Le Viêt-nam (non encore réunifié, mais soudé par la même idéologie) constitue la plus puissante nation du Sud-Est asiatique. Avec ses 45 millions d'habitants et une armée qui, du fait de la récupération du matériel américain, est l'une des plus fortes et des plus modernes du monde, le Viêt-nam devient un pays clef. Les choix politique et économique qu'il fera, les modèles qu'il proposera, les relations qu'il nouera avec les autres nations déterminent l'avenir même de cette région, dominée jusque-là par les Américains.

Il aura fallu, en définitive, une troisième guerre du Viêt-nam pour parvenir à la paix. Les accords de Paris, signés en janvier 1973 (Journal de l'année 1972-73) entre Hanoi, Saigon, Washington et le GRP n'ayant jamais été appliqués dans leurs clauses essentielles, il était inévitable que la lutte reprenne entre les troupes du GRP et celles du général Thieu. Une lutte à la fois militaire et politique.
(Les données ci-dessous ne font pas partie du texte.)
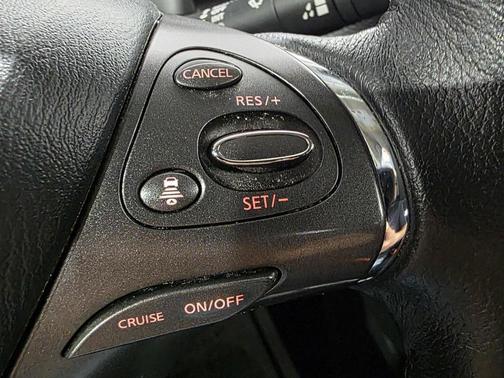 2021 Nissan Murano SL Intelligent AWD
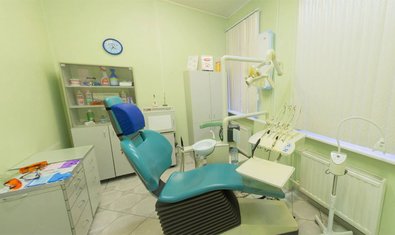 Стоматологическая клиника «Ньюдент»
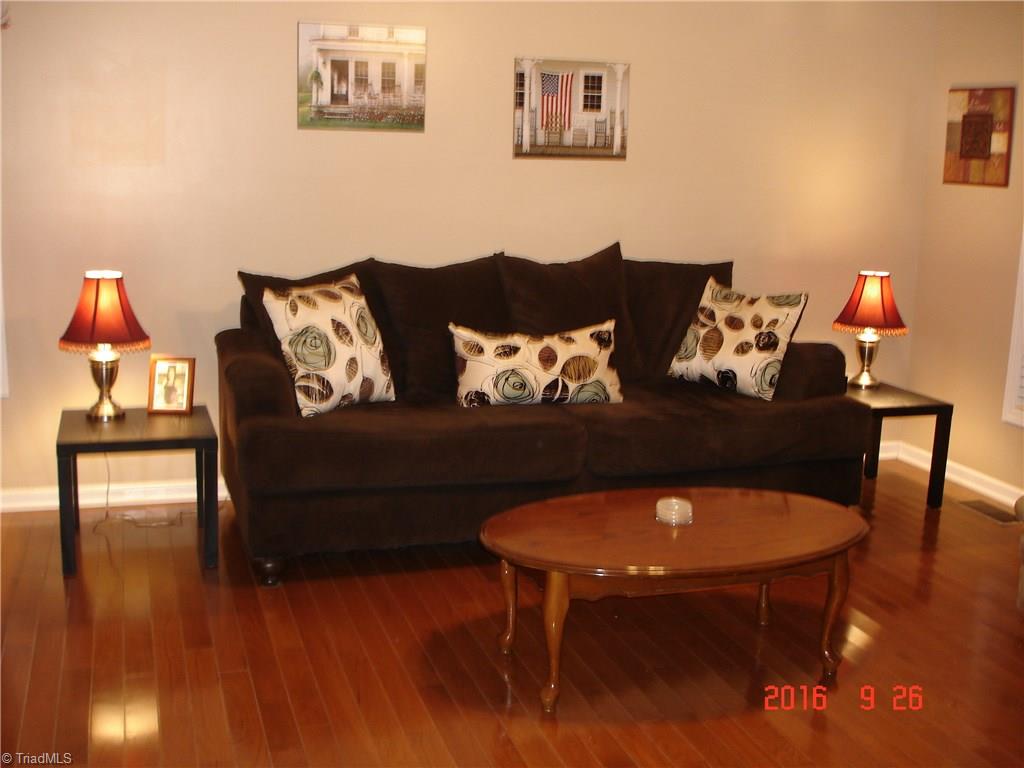 1407 William Fowler Road King, NC 27021 - Photo 4 of 25
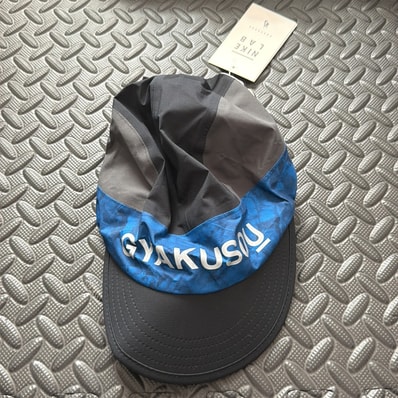 NIKE GAKUSOU キャップ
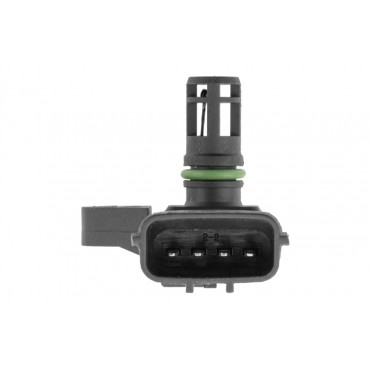 Capteur Pression du Tuyau d'Admission Pour Ford B-Max Fiesta VI 2S6A9F479CB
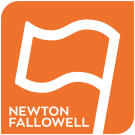 Newton Fallowell, Telford logo
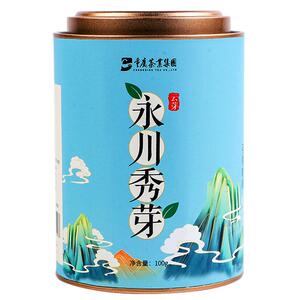 2026新茶永川秀芽云芽100g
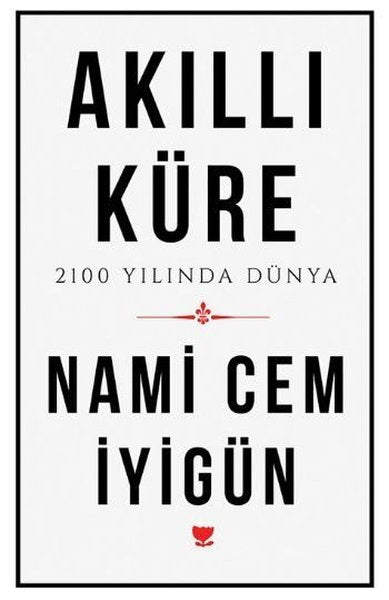 Akıllı Küre - 2100 Yılında Dünya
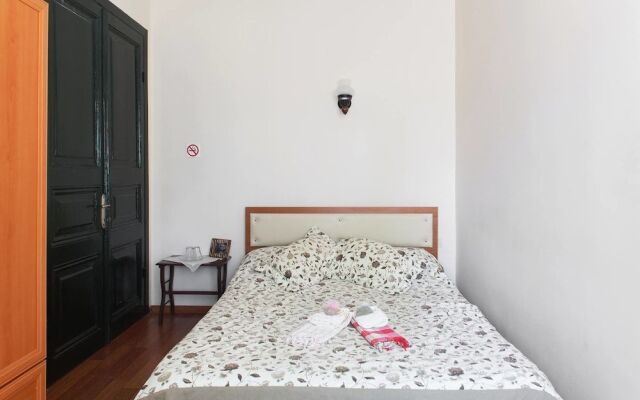 Orhan Kutbay'in Evi Turyolu Cafe Pansiyon
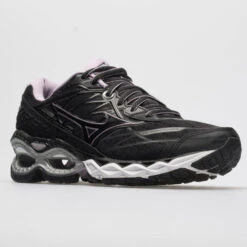 Mizuno Wave Creation 20 Women's Black -Shoe Specialty Store 043158 5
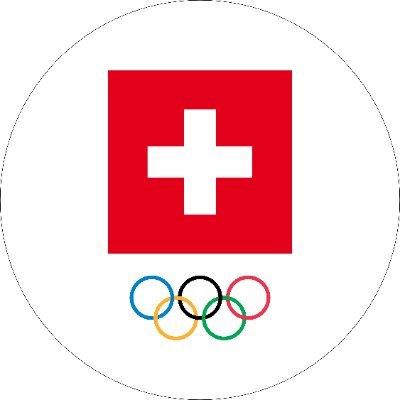 Swiss Olympic Team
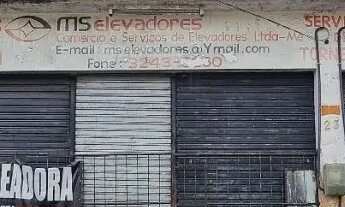 Imagem 2: Excelente Prédio Comercial + Terraço Coberto + 2 apartamentos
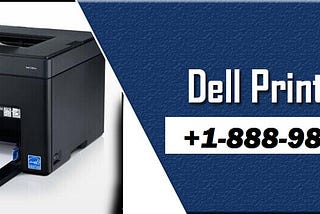 Different Modes to Get Dell Printer Support Service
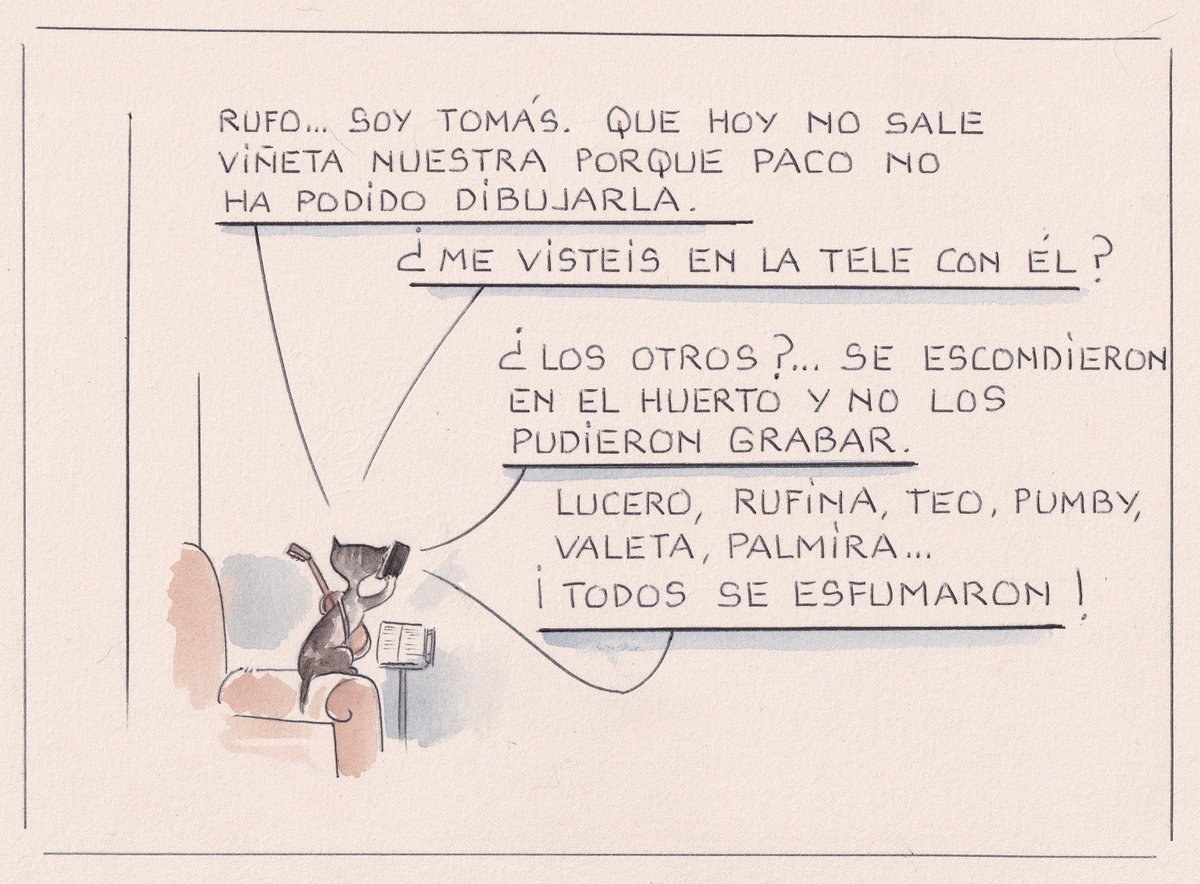 pacocatt's tweet photo. Una hora llevo buscando mi teléfono. https://t.co/MZM2xI4D3b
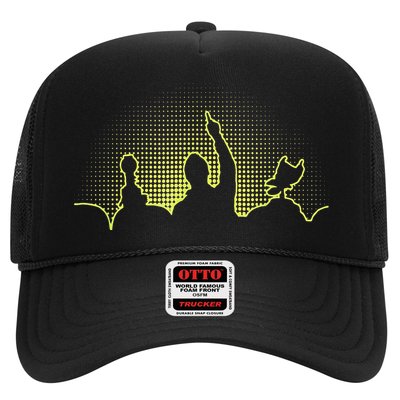 Mystery Science Theater 3000 Trucker Hat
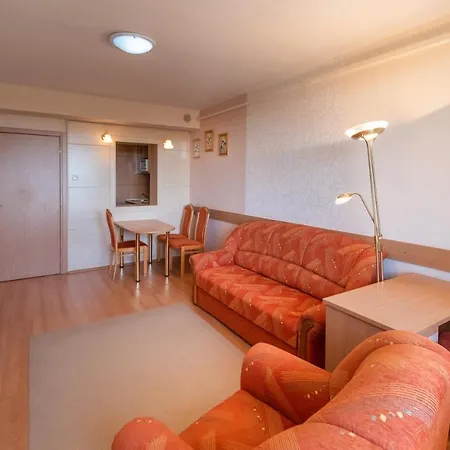 Barátság Hotel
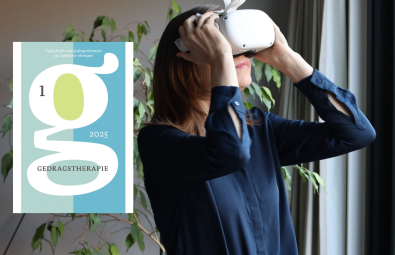 Nieuwe vormgeving, vertrouwde inhoud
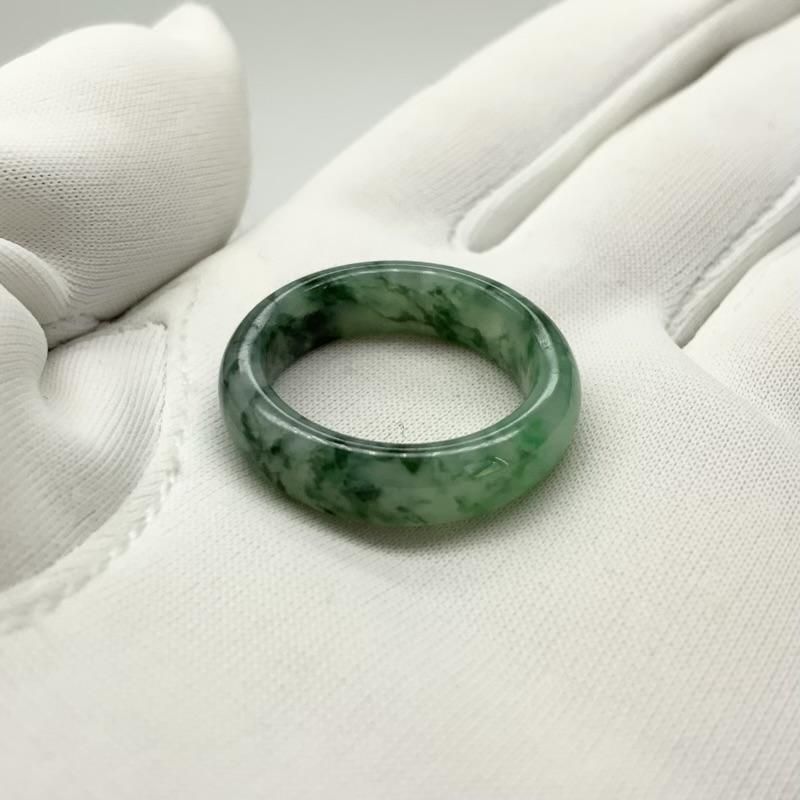 糸魚川翡翠 リング 】 ひすい ヒスイ Jade 限定品 稀少 レア 糸魚川翡翠 リング 】 ひすい ヒスイ Jade 限定品 稀少 レア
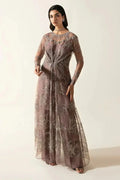 Mushq | Fleur Luxury Eid Pret | Dara - Pakistani Designer Dress - by Mushq | Type: Bridal - 100% Original at Saira Sultan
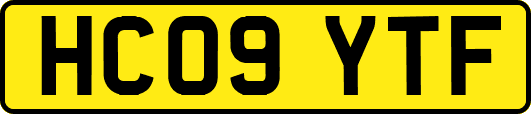 HC09YTF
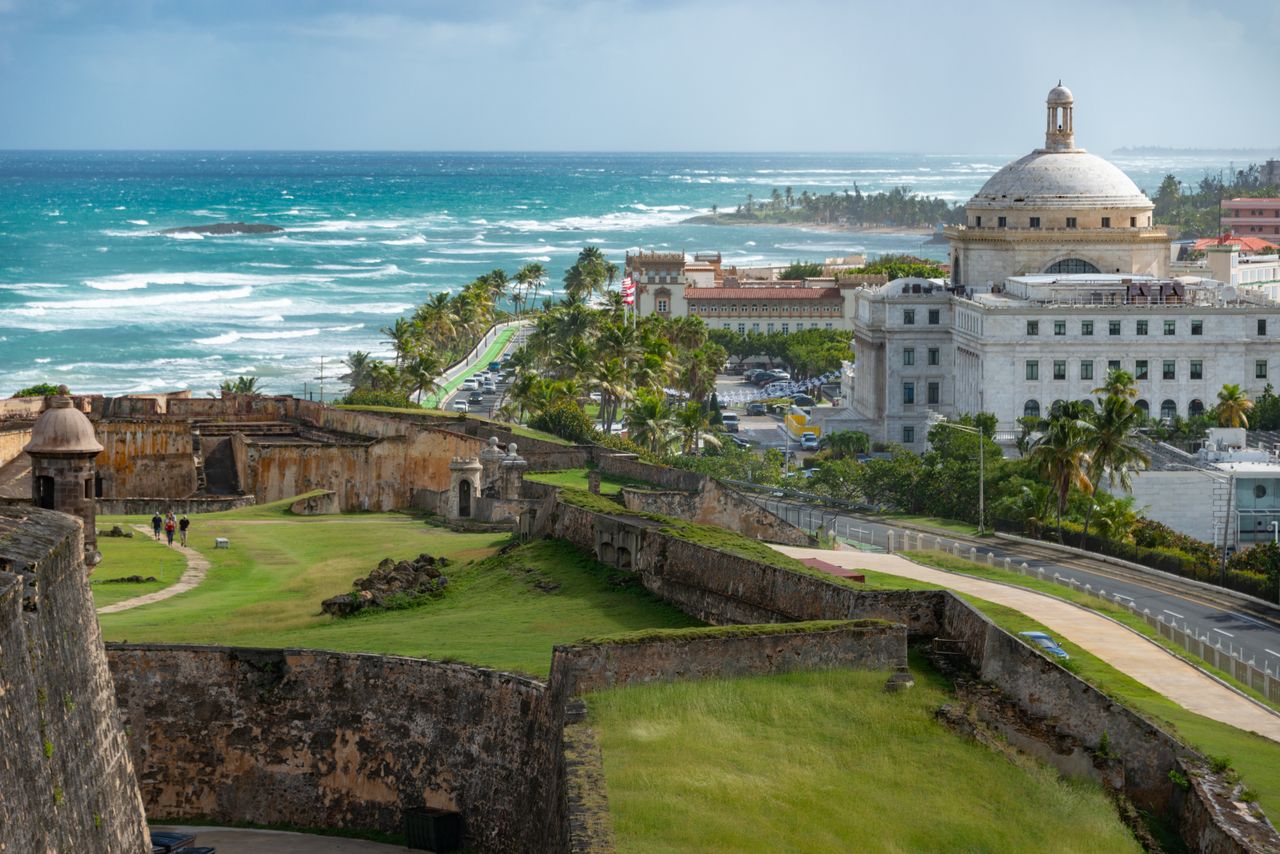 Match Your Vacation to Puerto Rico’s Warm Climate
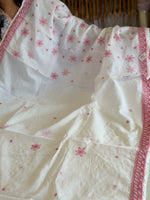 Net Kotta Saree/ KT22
De janvier 1973 à juin 1974, les combats – avec des hauts et des bas – ne cessent pratiquement pas. L'issue en reste incertaine. Le chef de l'État sud-vietnamien, fort du soutien matériel des États-Unis, contrôle toutes les capitales provinciales. Maître absolu du pays, il s'oppose à la création d'un Conseil national de la réconciliation à trois composantes (GRP, Saigon, neutralistes), susceptible de débloquer la situation. Le GRP, pour sa part, contrôle de vastes zones où il s'efforce d'implanter son administration.

Paradoxalement, ce sont les Américains qui portent (sans en mesurer l'ampleur) un premier coup à leur protégé. En août 1974, ils décident de réduire de manière substantielle leur aide militaire au Sud-Viêt-nam : Washington prend peu à peu conscience que le général Thieu n'est plus l'homme de la situation.

L'effondrement de l'économie sud-vietnamienne (la piastre sera dévaluée pour la dixième fois cette année), l'extension et le renforcement des zones communistes, la lassitude et le doute qui s'emparent des troupes gouvernementales, une opposition de plus en plus vive encore renforcée par la communauté catholique, pourtant globalement conservatrice, sont autant de signes de la déliquescence du pouvoir.

Deux journalistes français tués

Cette année encore, des journalistes sont morts dans l'exercice de leur métier d'informateurs. Paul Léandri, correspondant de l'agence France-Presse au Sud Viêt-nam, est tué le 14 mars d'une rafale de mitraillette tirée par un policier. Il avait été convoqué par les services de l'immigration pour être interrogé sur l'origine d'une information. Le 27 avril, au moment de l'avance des troupes du GRP, Michel Laurent, photographe de l'agence Gamma, et Christian Hoche, envoyé spécial du Figaro, sont pris dans un accrochage. Le premier est tué au cours de la fusillade. Le second, grièvement blessé. Quarante-huit correspondants de presse, photographes et cameramen sont morts durant la guerre d'Indochine. Vingt-six sont portés disparus.

Déroute

La marge de manœuvre du chef de l'État se réduit de jour en jour et, à Washington, on envisage même une déposition de l'homme fort du Sud Viêt-nam pour le remplacer par une personnalité plus crédible.

On ne change pas de monture au milieu du gué. Thieu et ses alliés américains sont pris de vitesse par le GRP. Le gouvernement révolutionnaire, soutenu par les forces nord-vietnamiennes, semble avoir estimé que le fruit était mûr et déclenche, à la mi-décembre, une grande offensive le long de la frontière cambodgienne et dans le Delta.

Pendant plusieurs semaines les combats font rage et, le 7 janvier, Phuoc Binh, chef-lieu de la province de Phuoc Long, tombe aux mains des révolutionnaires. C'est le commencement de la fin ou, plutôt, le début d'une débâcle, car autant jusque-là l'armée de Saigon avait résisté aux assauts de ses adversaires, autant, à partir de mars, elle abandonne le terrain sans se battre réellement, permettant au GRP d'occuper la totalité du pays en un mois et demi. Des erreurs de stratégie et la réduction de l'aide américaine expliquent sans doute en partie cette déroute, mais la véritable cause est que l'armée de Thieu, en dépit d'un matériel ultramoderne, est une armée sans conviction, qui a perdu peu à peu ses raisons de lutter. Tout, désormais, va aller très vite.